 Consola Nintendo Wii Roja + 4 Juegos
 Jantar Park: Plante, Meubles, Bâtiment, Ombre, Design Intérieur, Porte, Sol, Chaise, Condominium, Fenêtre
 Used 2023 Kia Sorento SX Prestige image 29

▸ **Aim of the exercise**
Copy every line above without changes.

▸ **Exercise result**
 Consola Nintendo Wii Roja + 4 Juegos
 Jantar Park: Plante, Meubles, Bâtiment, Ombre, Design Intérieur, Porte, Sol, Chaise, Condominium, Fenêtre
 Used 2023 Kia Sorento SX Prestige image 29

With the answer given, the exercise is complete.